As the coastline of Sardinia fades behind the cloudbanks we reflect on the peace, relaxation and sense of calm that a few days in the sun have brought, but quickly our daydreaming is cut short as the plane begins its descent to Rome.  Only a few moments later we are departing the Avis rental car garage bound for Terni, in Umbria, for a long planned business meeting.  Our rental car for the next 22 days has a balky air conditioning system, however, so a half hour later we are returning to the rental car center, trying not to seem like whiny Americans and are back on the road.  The modest cushion we had built into our schedule is now shot and we drive Italian style for the next hour and a half in order to be on time (a concept still strangely foreign to our Italian partners).

After a successful meeting we start our final day before the next phase of our journey begins.  We have arranged a night in Orvieto to kill the Friday before we can move into our villa, it being rented by another family.  We have visited Orvieto several times before.  It is a lovely Etruscan town built on the top of a tufa hill and visible from throughout the valley below, sporting a beautiful, scaffolding clad cathedral, a number of excellent restaurants, a famous well and an entire underground system of caverns built into the soft rock of the hill on which the town is perched.  All of our prior trips had been day trips, quick ins and outs, with an occasional overnight stay outside the historic hilltop city.  Tonight we have booked a room at the Palazzo Picolomini, inside the city walls and which only takes a few circuits through the town to find.
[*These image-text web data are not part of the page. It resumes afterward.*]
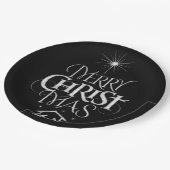 Kerstavond-kerst-kalkbord Papieren Bordje (Gekanteld)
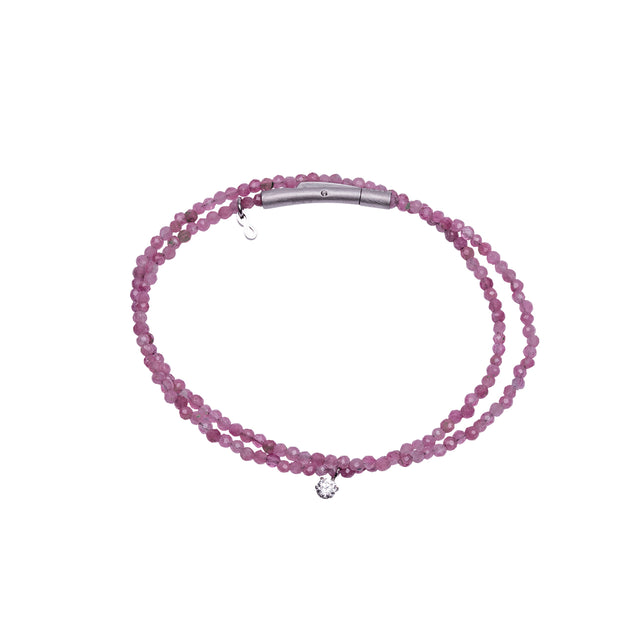 Pulseira Saint-Tropez 2 voltas Rosa Turmalina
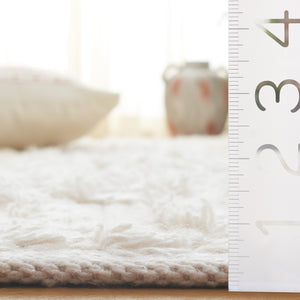 Safavieh Natura Hand-tufted Bohemian Runner Rug - Luxurious Wool Blend For Timeless Home Elegance Ivory 90% Wool,10% Cotton Nat962a-5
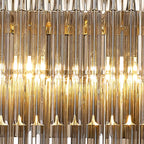 NL84569 Vienna 7 Light Rectangle Pendant Polished Nickel Smoked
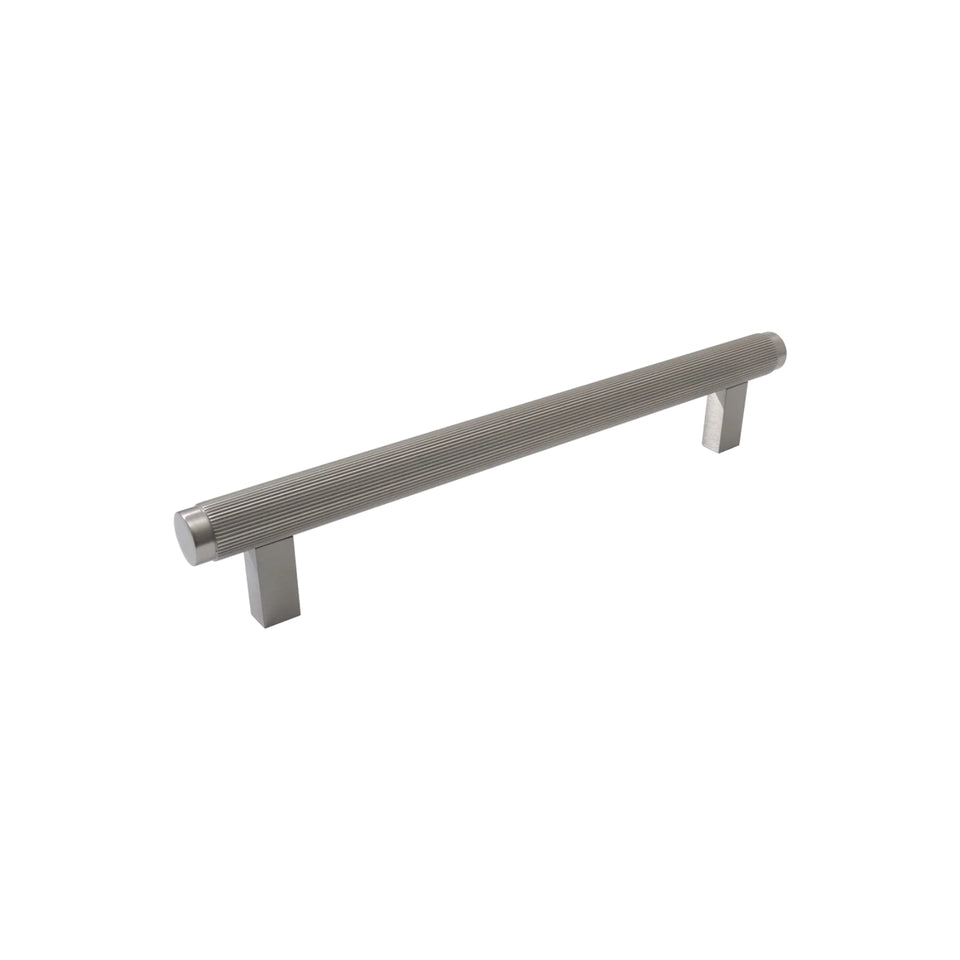 Momo Handles Bellevue Lined Bar Pull Dull Brushed Nickel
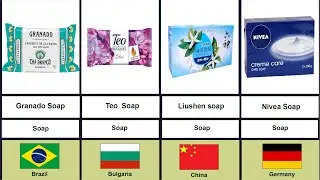 Soap Brands From Different Countries in the world I Popular Soap in the world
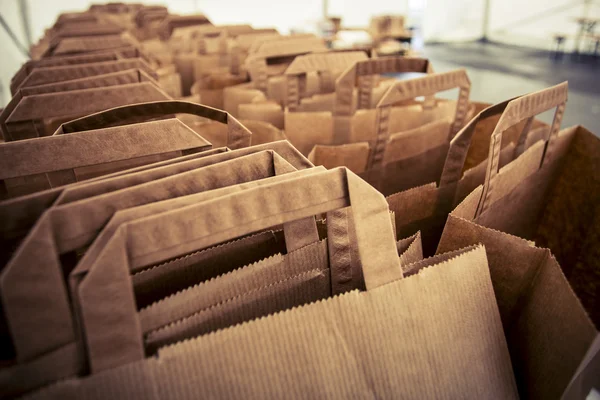 Lote de sacos de papel — Fotografia de Stock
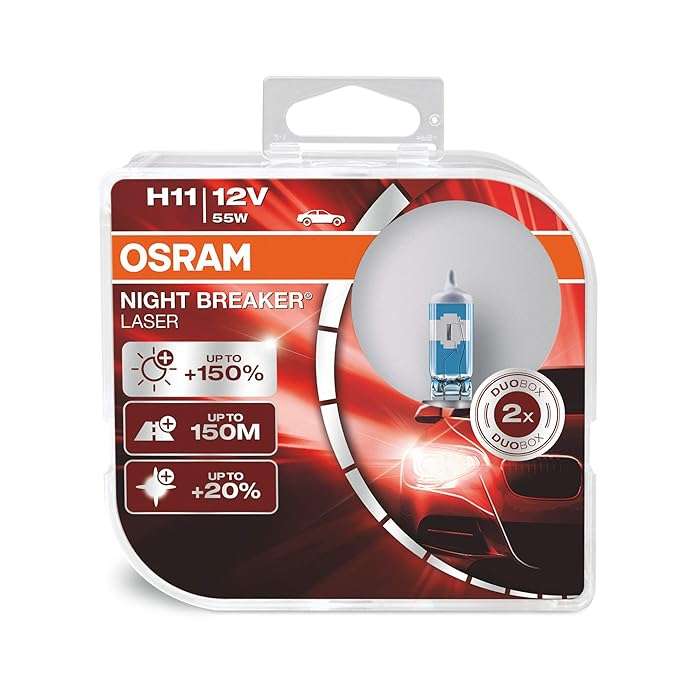 OSRAM Night Breaker Laser Set H1, H3, H4, H7, H8, H11, HB3 or HB4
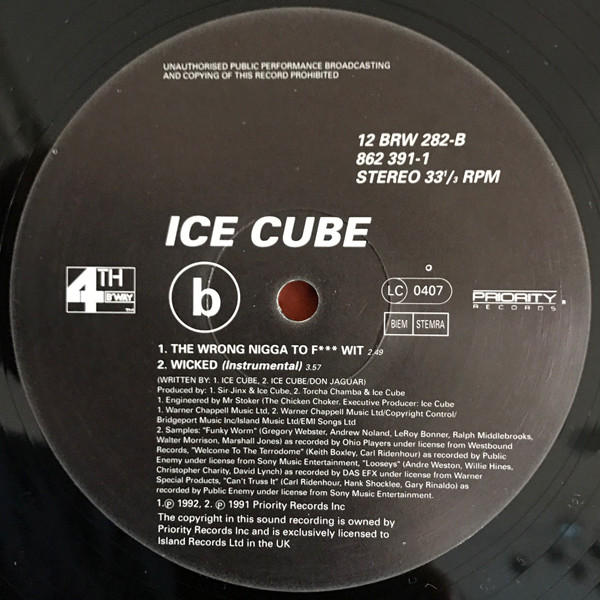 Ice Cube - Wicked | 4th & Broadway (12 BRW 282) - 4 Ice Cube - Wicked | 4th & Broadway (12 BRW 282) - 4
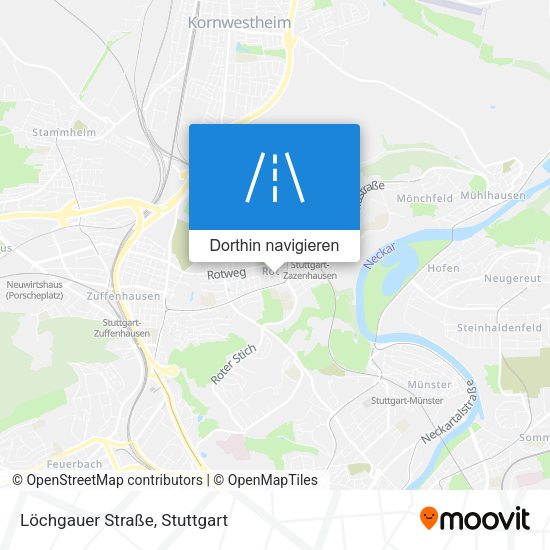 Löchgauer Straße Karte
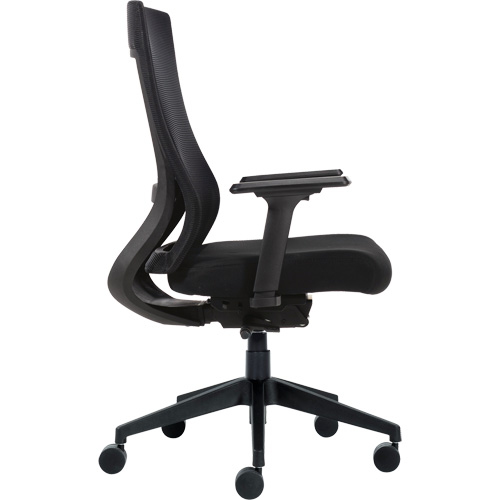 Chaise &agrave; dossier moyen avec m&eacute;canisme &agrave; basculement synchronis&eacute; &agrave; d&eacute;tection de poids , Mailles, Noir Air Extreme Inc.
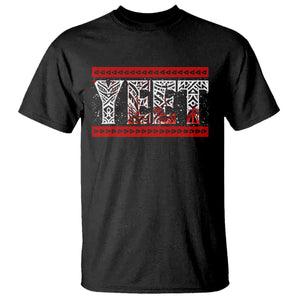 Yeet Funny Wrestling Slang Quote Tribal Art Blood Splatter T Shirt TS11 Black Print Your Wear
The Palazzo staff is extremely accommodating and shows us to our room, which is adquate and with a good view of the antique rooftops of the city.  We catch up on some business and stroll toward the main piazza, stopping by a couple of restaurants that the staff has recommended to us, peeking in the windows to guage and imagining how they might look with diners, as it is much too early for them to be open.  The streets are quite crowded with a mixture of tourists and locals, all of whom are windowshopping and beginning their evening passagiata.  The town has a wonderful, warm feel which has eluded us on previous visits.

We make our way to the main square, where Orvieto's famous cathedral, dubbed by friends of ours as the "duomo in pyjamas" for its green striped facade practically bowls us over (and not just because it is, finally - and surely just temporarily - devoid of scaffolding).  It is late afternoon and the sun is gleaming directly on its facade, bathing it in a golden light that is practically surreal.  I stop and take a dozen photos, before we park ourselves at a table on the square and marvel at it for the next hour or so.  Over that period, we enjoy world class people watching and a couple of glasses of Orvieto wine, the well known, well exported white wine that has made this city a household name.  Occasionally a young father and his young son and then young daughter buzz through the piazza on their Vespa, the first circuit with child wailing and terrified, the subsequent pass all smiles.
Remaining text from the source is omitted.